→ WORK TO BE COMPLETED: An exact copy of every entry is needed, without the pictures.

→ SUPPLIED MATERIAL:

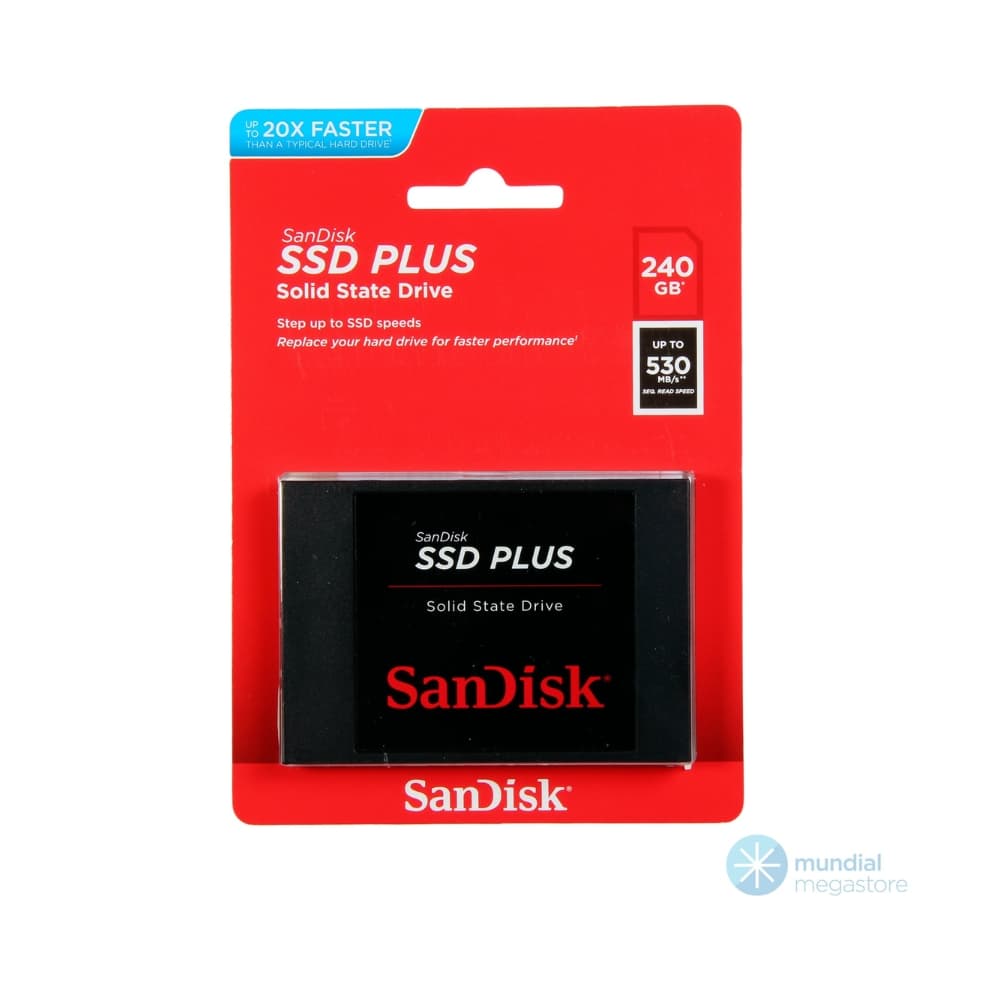 HD SATA SSD 240GB 2.5 SANDISK SATA 3 G26 PLUS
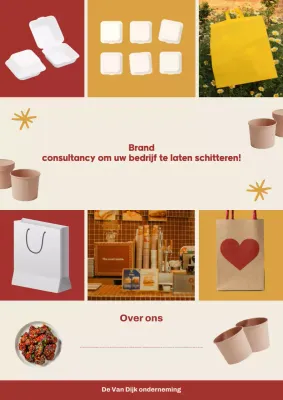 Oranje Modern Branding Advertentie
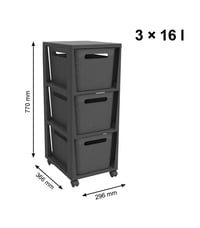 ROTHO BRISEN komoda 3x16 L Rojaplast (foto 20)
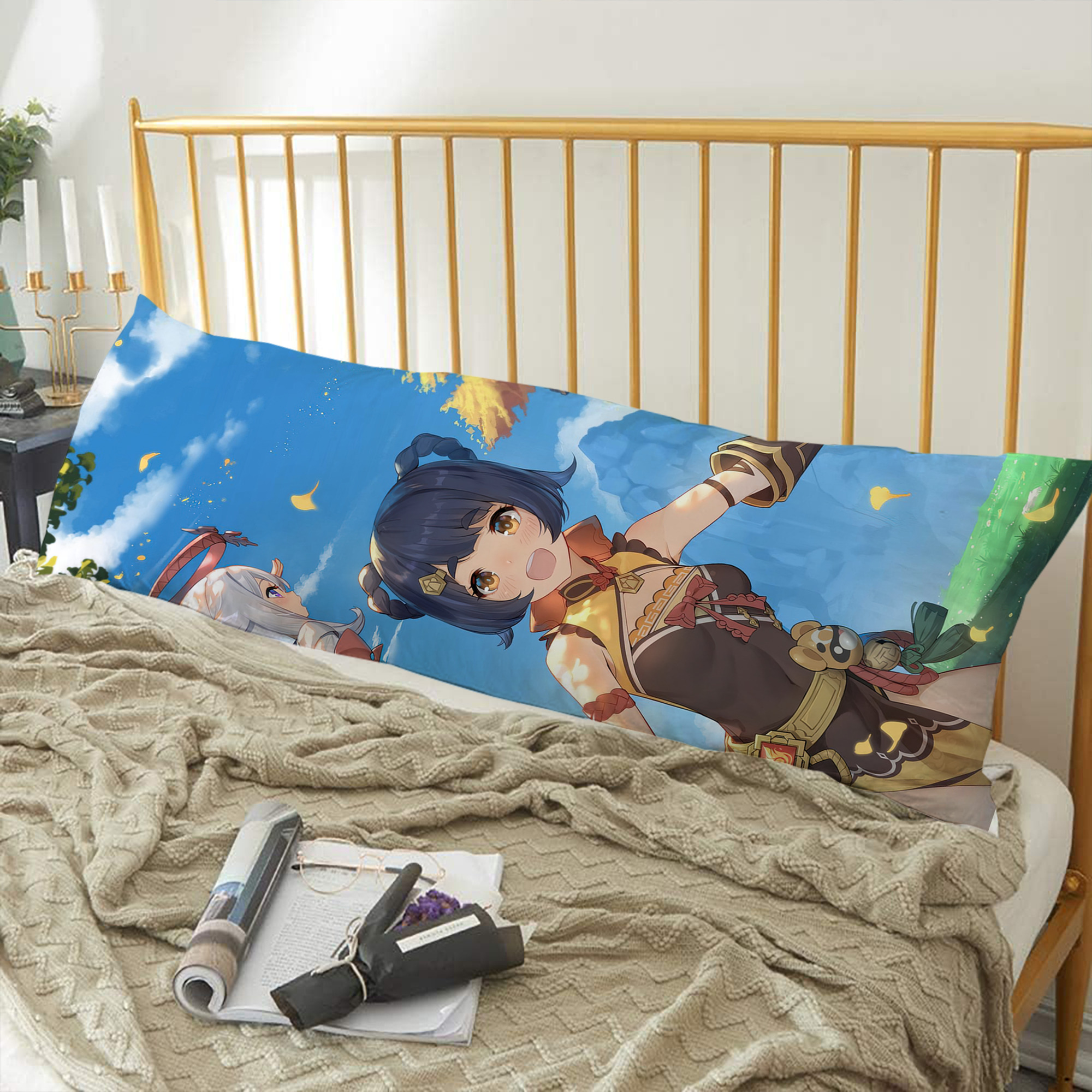 げんし神 genshin ロング抱き枕カバー 両面プリントタイプ（サイズ選択可）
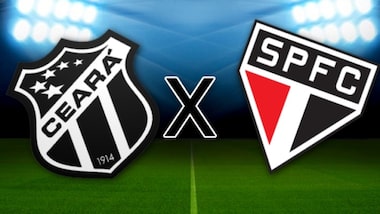 horário jogo Ceará São Paulo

→ SOLUTION TO THE EXERCISE:
 HD SATA SSD 240GB 2.5 SANDISK SATA 3 G26 PLUS
 Oranje Modern Branding Advertentie
 ROTHO BRISEN komoda 3x16 L Rojaplast (foto 20)
 げんし神 genshin ロング抱き枕カバー 両面プリントタイプ（サイズ選択可）
 horário jogo Ceará São Paulo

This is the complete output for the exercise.